Answer ... An award made by a tribunal seated in Montenegro is enforced directly under the enforcement and security law (Article 46). However, foreign arbitral awards must first be recognised in Montenegro.
A foreign award shall be recognised unless the court finds that:
- there are grounds to refuse recognition;
- the award has not become binding; or
- the award has been set aside or suspended in the country in which, or under the law of which, it was made (Article 51(1)).
The following grounds, if raised by a party, may lead to refusal of recognition:
- The arbitration agreement is not valid under the applicable law;
- The party was not given proper notice of the arbitrators’ appointment or the arbitral proceedings, or was otherwise unable to present its case;
- The award decides on matters not contemplated by or exceeding the scope of the arbitration agreement; or
- The tribunal was not constituted or the proceeding was not conducted in accordance with the arbitration agreement or the law of the place of arbitration (Article 52(1)).

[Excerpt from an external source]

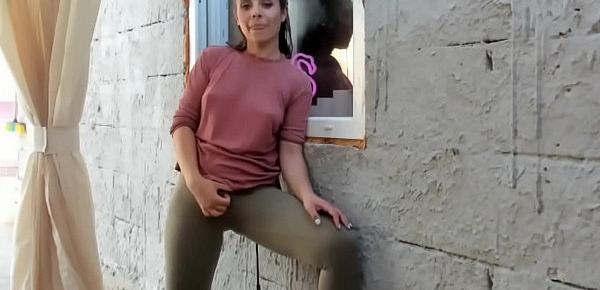  Cam model Nyconic fingers herself outside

The court shall further refuse recognition ex officio if:
- the dispute is not arbitrable; or
- the effects of the arbitral award would be contrary to Montenegrin public policy (Article 52(2)).
The recognition proceedings are initiated on a party’s application, accompanied by:
- the original arbitral award or a certified copy;
- the original arbitration agreement or a certified copy; and
- a certified translation of the award and arbitration agreement into Montenegrin or another language in official use in Montenegro (Article 51(3)).